Prompt ▸ Leaving out the images, please reproduce each line below exactly.

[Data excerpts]

.....

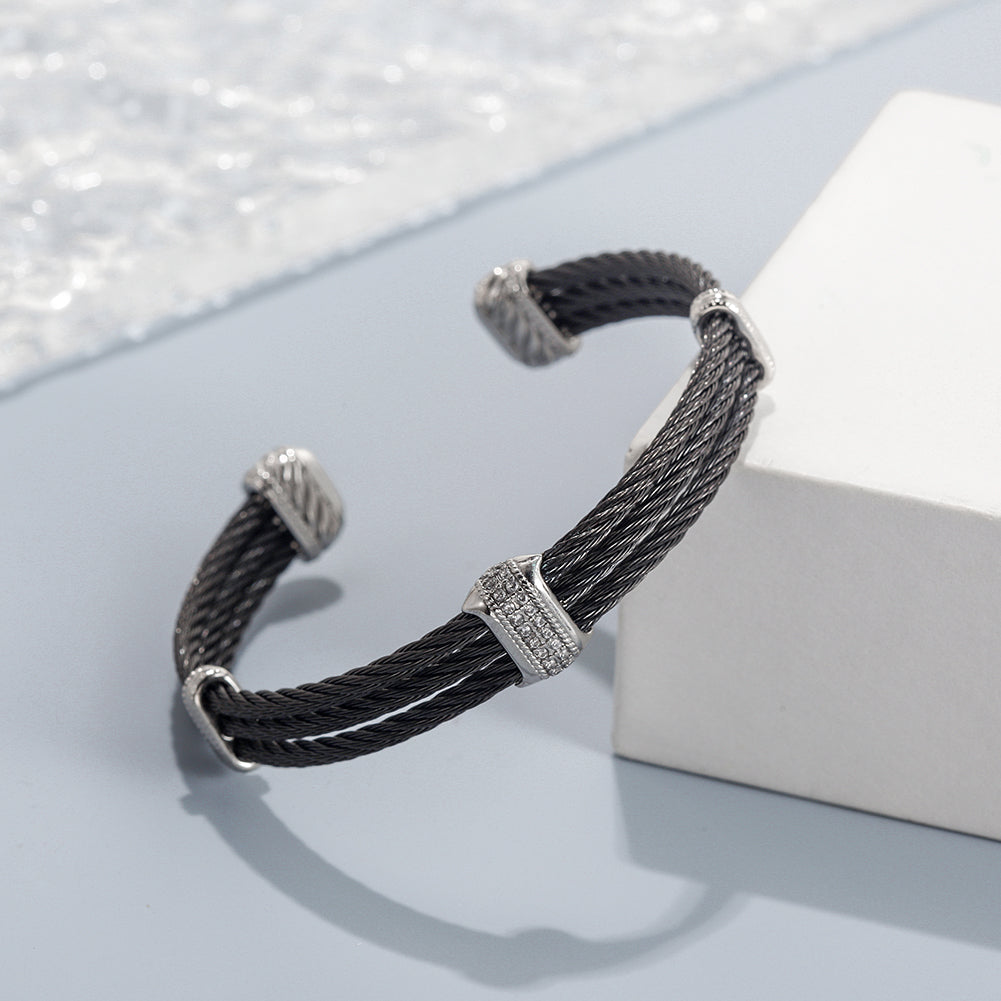 Three layer cable bracelet-NSB1808STSCZD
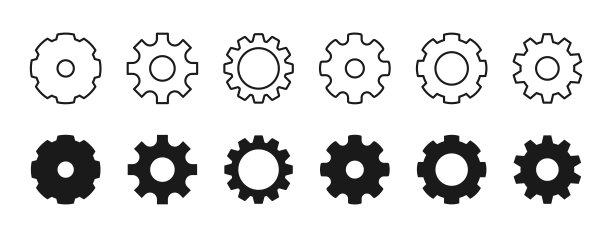 齿轮矢量图标设置图片下载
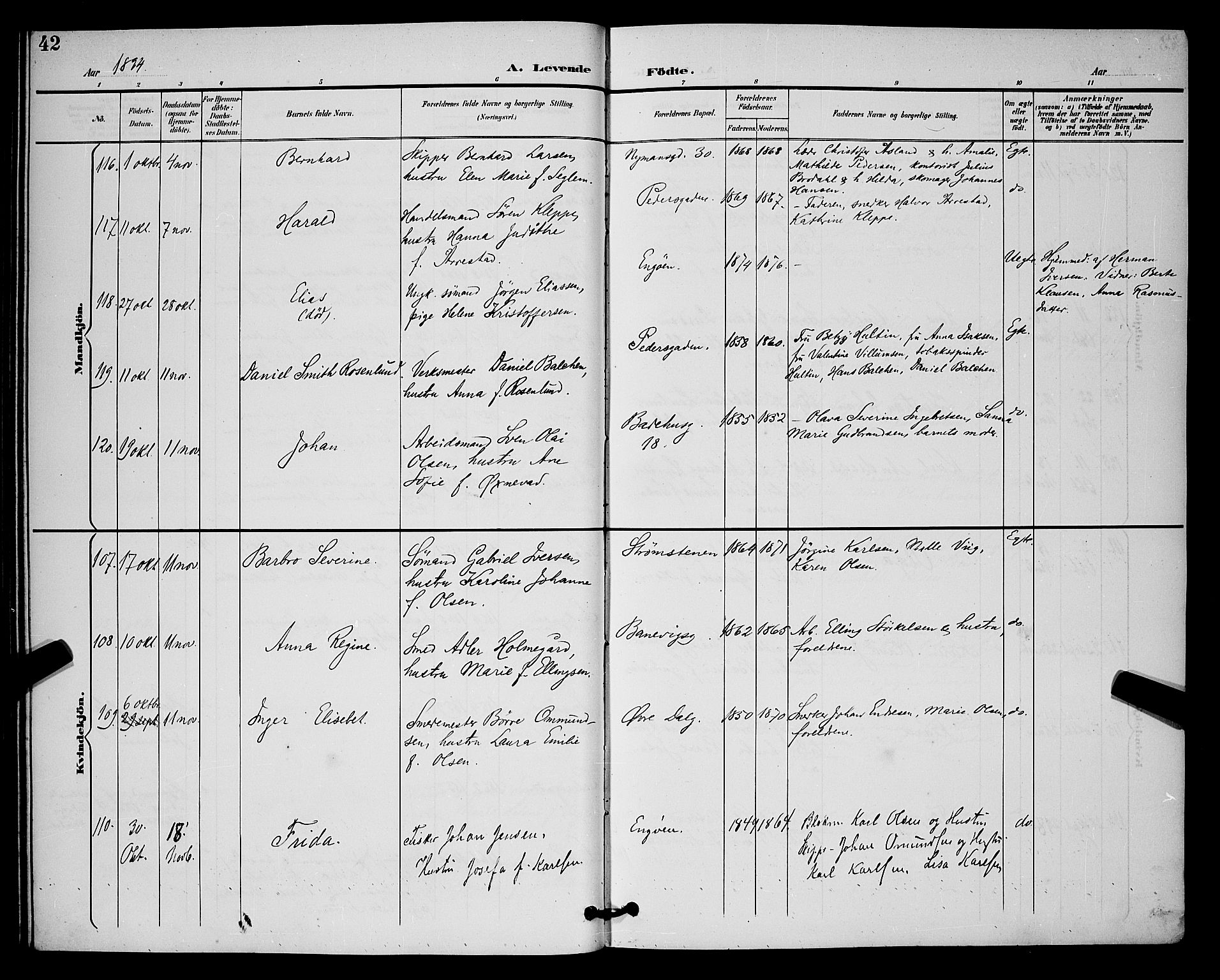 St. Johannes sokneprestkontor, AV/SAST-A-101814/001/30/30BB/L0003: Klokkerbok nr. B 3, 1893-1900, s. 42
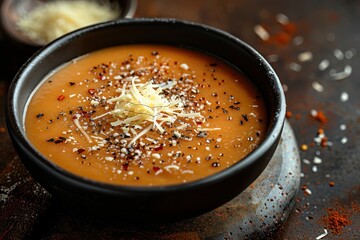 Poster - Chestnut soup with cheese and spices in black bowl on dark background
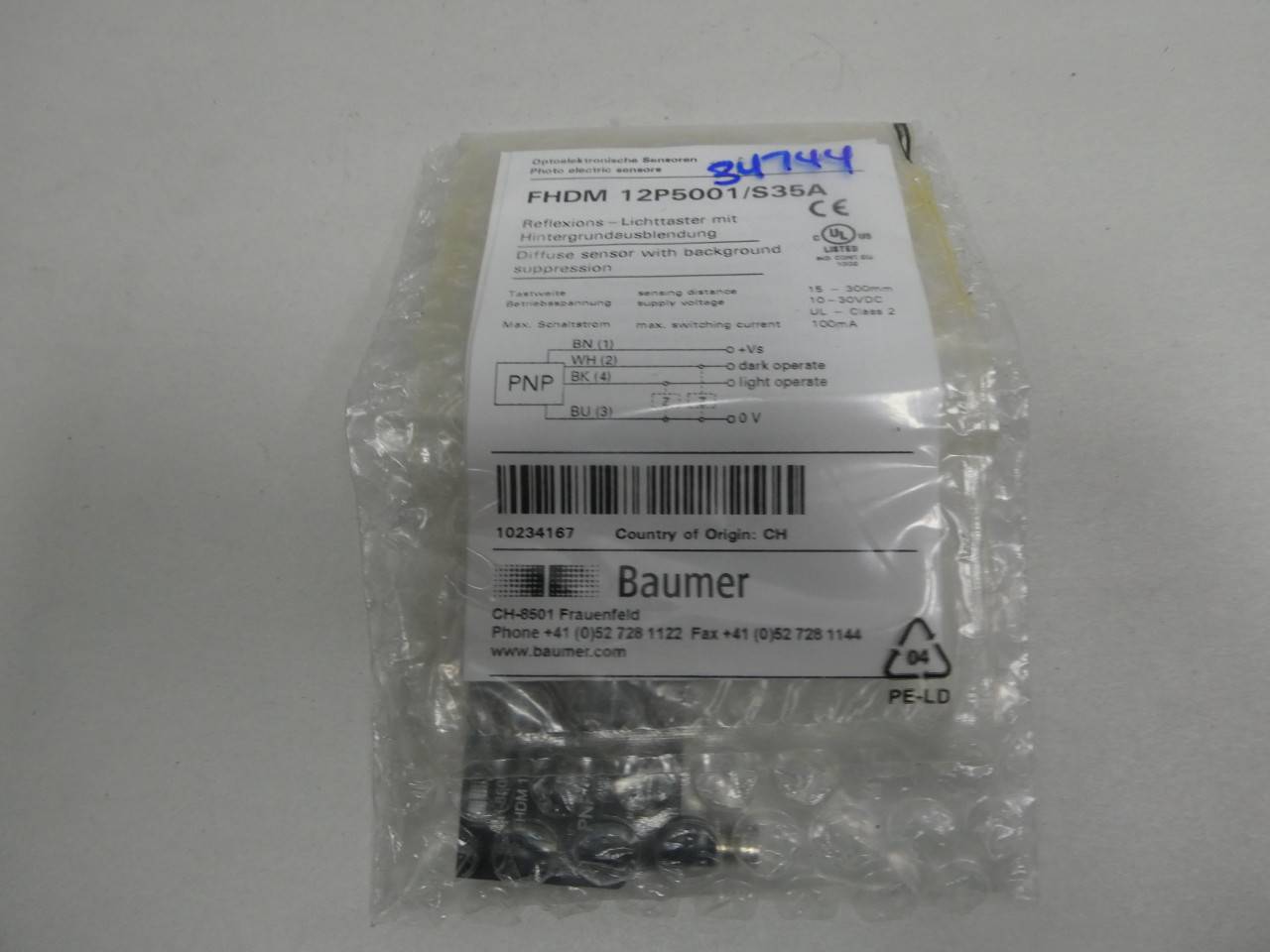 BAUMER FHFM 12P5001/S35A 10-30V-DC PHOTOELECTRIC SENSOR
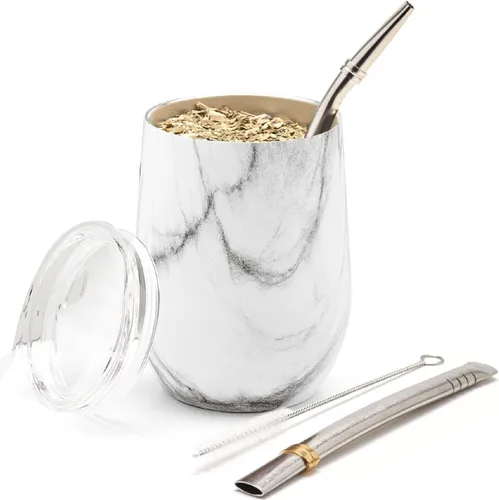 Miniatura 11 de BALIBETOV Juego de calabaza de yerba mate de acero inoxidable premium, 5 piezas, incluye calabaza de 12 onzas con tapa, 2 bombillas, cepillo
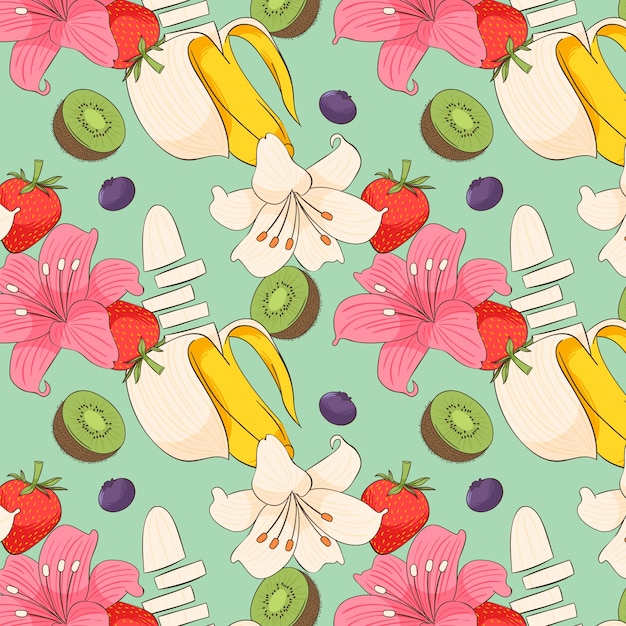 Hand drawn fruit and floral pattern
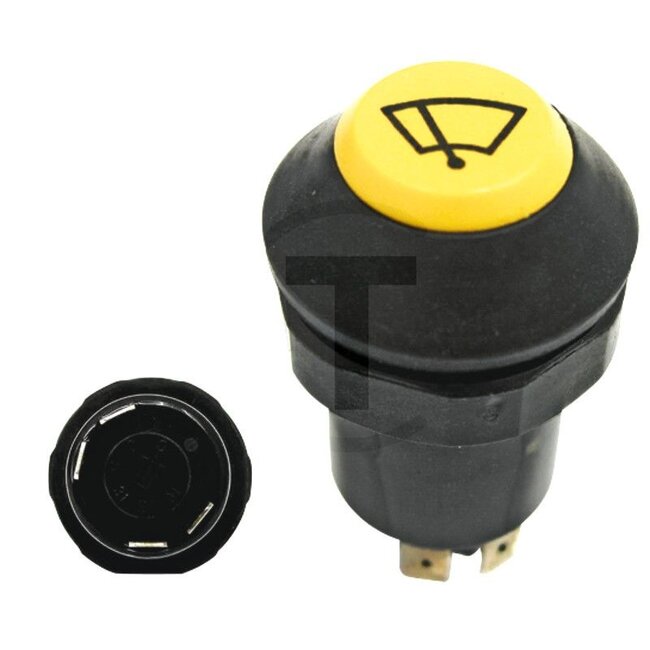 GRANIT Druckknopfschalter Wisch-/Waschanlage - 50718010, 11145090XX | Ausführung: 12 / 24 Volt, Knopf grün, mit Arretierung, Ø 30 mm, 4 Flachsteckanschlüsse 6,3 x 0,8 (01 - S - S1 - 0), Staub- und Spritzwasserschutz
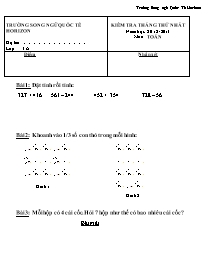 Đề kiểm tra theo tháng Toán, Tiếng việt Lớp 3 - Năm học 2012-2013 - Trường Song ngữ Quốc tế Horizon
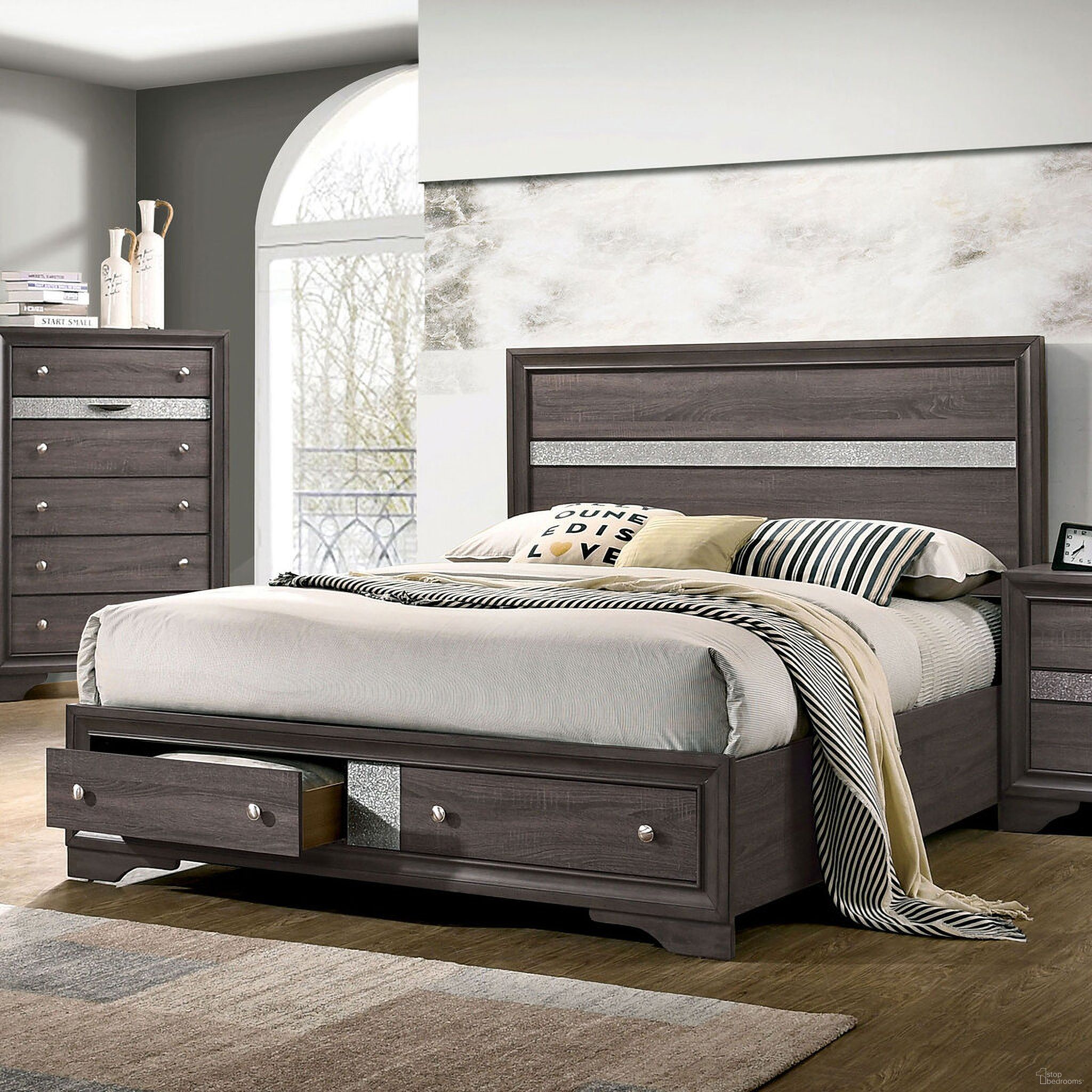 The appearance of Chrissy Queen Bed In Gray designed by Furniture of America in the modern / contemporary interior design. This gray piece of furniture was selected by 1StopBedrooms from Chrissy Collection to add a touch of cosiness and style into your home. Sku: CM7552GY-Q-HBFB;CM7552GY-Q-R;CM7552GY-Q-DR. Bed Type: Platform Bed. Material: Wood. Bed Size: Queen.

.....

Answer space ▸
 Three layer cable bracelet-NSB1808STSCZD
 齿轮矢量图标设置图片下载
 St. Johannes sokneprestkontor, AV/SAST-A-101814/001/30/30BB/L0003: Klokkerbok nr. B 3, 1893-1900, s. 42
 Poster - Chestnut soup with cheese and spices in black bowl on dark background
 BAUMER FHFM 12P5001/S35A 10-30V-DC PHOTOELECTRIC SENSOR
 Miniatura 11 de BALIBETOV Juego de calabaza de yerba mate de acero inoxidable premium, 5 piezas, incluye calabaza de 12 onzas con tapa, 2 bombillas, cepillo
 Hand drawn fruit and floral pattern
 GRANIT Druckknopfschalter Wisch-/Waschanlage - 50718010, 11145090XX | Ausführung: 12 / 24 Volt, Knopf grün, mit Arretierung, Ø 30 mm, 4 Flachsteckanschlüsse 6,3 x 0,8 (01 - S - S1 - 0), Staub- und Spritzwasserschutz
 Đề kiểm tra theo tháng Toán, Tiếng việt Lớp 3 - Năm học 2012-2013 - Trường Song ngữ Quốc tế Horizon
 The appearance of Chrissy Queen Bed In Gray designed by Furniture of America in the modern / contemporary interior design. This gray piece of furniture was selected by 1StopBedrooms from Chrissy Collection to add a touch of cosiness and style into your home. Sku: CM7552GY-Q-HBFB;CM7552GY-Q-R;CM7552GY-Q-DR. Bed Type: Platform Bed. Material: Wood. Bed Size: Queen.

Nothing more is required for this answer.